Die deutsche Staatsangehörigkeit verliert derzeit, wer „freiwillig, ohne Zustimmung der zuständigen (gemeint ist: deutschen) Behörde in den Dienst von Streitkräften oder vergleichbaren bewaffneten Verbänden eines ausländischen Staates eintritt, dessen Staatsangehörigkeit der oder die Betroffene ebenfalls besitzt“, so umschreibt es derzeit die Bundesregierung selbst. Der Grund: Wer das tut, hat sich so weit an den anderen Staat angenähert, vom deutschen Staat entfernt, dass der Verlust der deutschen Staatsangehörigkeit gerechtfertigt ist. Die Frage, ob der Betreffende dadurch staatenlos wird, ist also noch eine andere, daneben stehende, die zusätzlich zu prüfen ist. Das Ziel ist, die Staatenlosigkeit zu vermeiden. Das Ziel ist nicht, das Grundgesetz für jeglichen Verlustgrund zu öffnen, solange nur diese letzte Grenze nicht erreicht ist. Nach dem Motto: Der Staat, der nicht schnell genug reagiert auf böses Verhalten und der übrig bleibt, mit seinem unerwünschten Staatsangehörigen, hat verloren.

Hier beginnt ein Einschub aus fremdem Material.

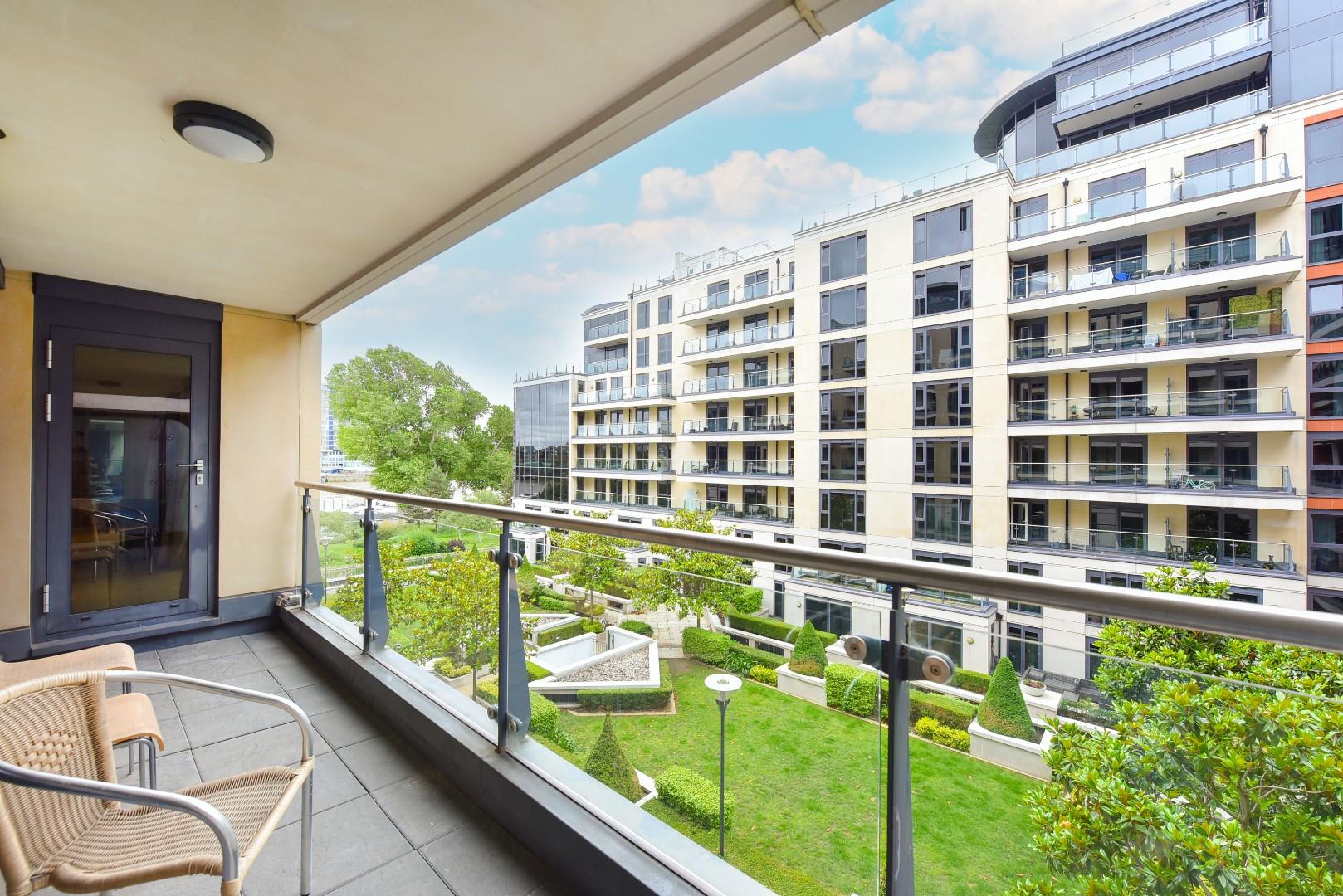 Flat 21, Marina Point, Lensbury Avenue, London photo 4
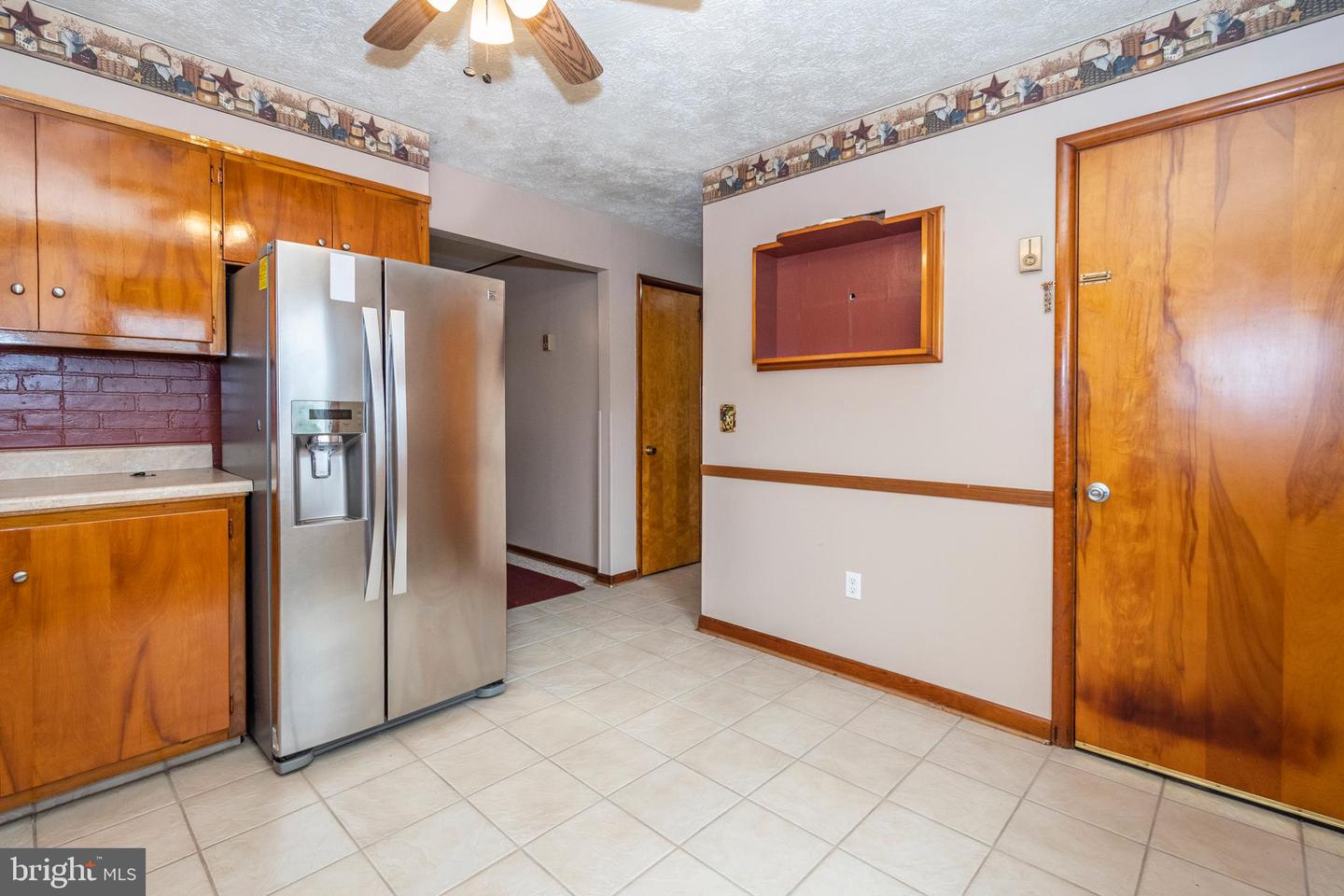 117 Walnut St Property Photo 11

Die markige Forderung wäre also erfüllbar – unter zwei Voraussetzungen: Eine Behörde oder ein Gericht müsste den Kämpfer klar und rechtssicher der Terrororganisation zuordnen können – was bei einer heterogenen Gruppe ohne Mitgliedschaftsausweis nicht einfach sein dürfte. Vor allem aber: Deutschland müsste den Islamischen Staat als Staat anerkennen. Und das fehlte noch.

Nur: Für all das ist in den Nachrichten kein Platz. Die Forderung wird uns also erhalten bleiben.